→ THE DATA

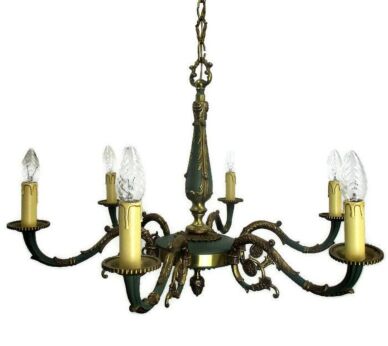 Vintage French Empire Pan Chandelier Green Tole Brass Bronze 6 arms Regency HTF
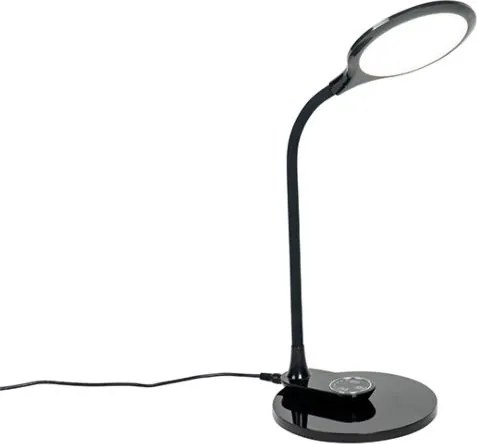 Lampa stołowa i ścienna czarna w komplecie z LED i ściemniaczem dotykowym - Joni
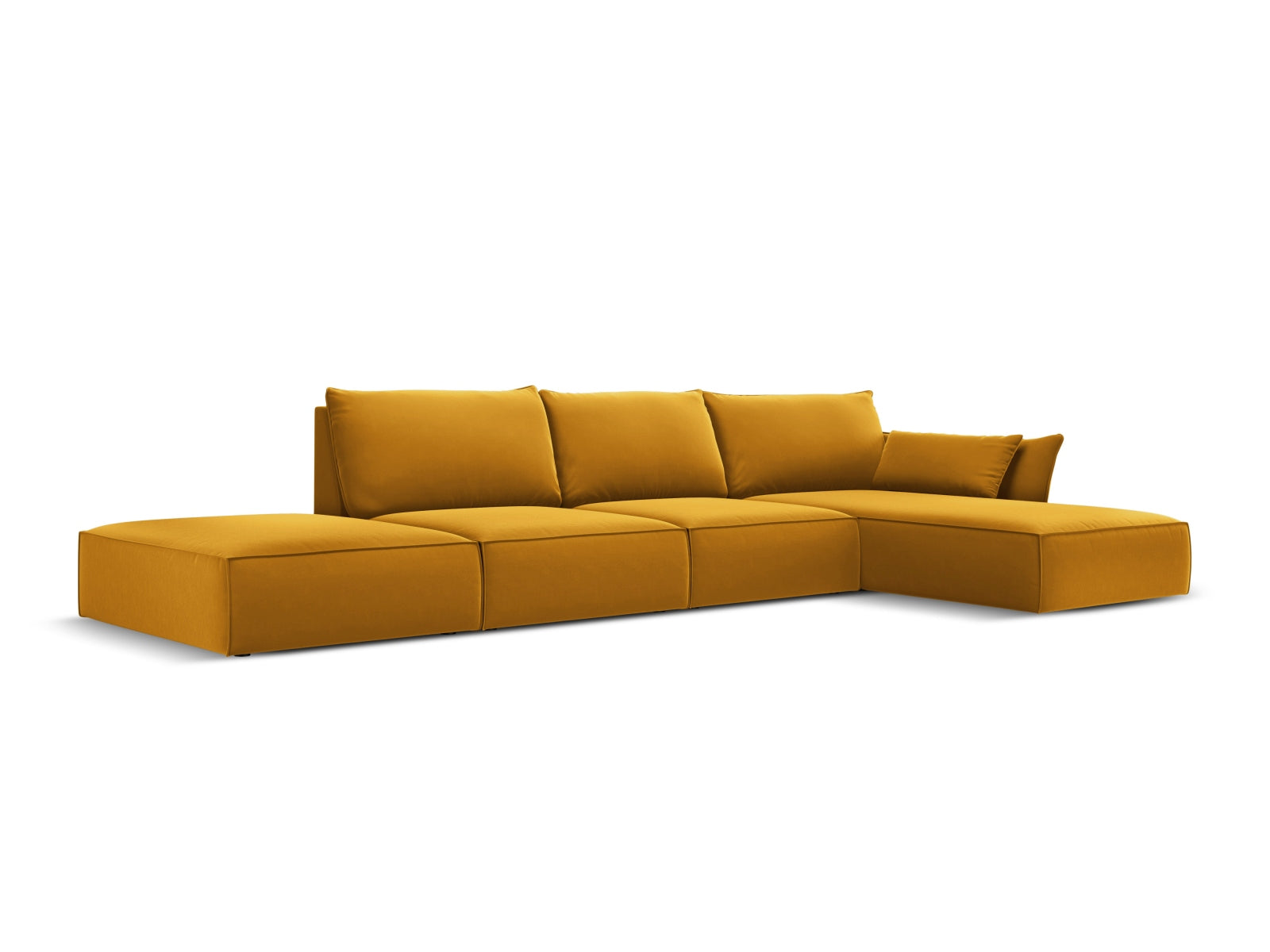 Elegantes Kaelle Velour Ecksofa in Gelb-Blau, 5-Sitzer, ideal für stilvolle Wohnräume, erhältlich bei KAQTU Design AG.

→ YOUR OBJECTIVE
Copy nothing but the lines from the line that contains "Lampa stołowa i" through the end of the listing, exactly, and keep pictures out of it.

→ ANSWER BOX
 Lampa stołowa i ścienna czarna w komplecie z LED i ściemniaczem dotykowym - Joni
 Elegantes Kaelle Velour Ecksofa in Gelb-Blau, 5-Sitzer, ideal für stilvolle Wohnräume, erhältlich bei KAQTU Design AG.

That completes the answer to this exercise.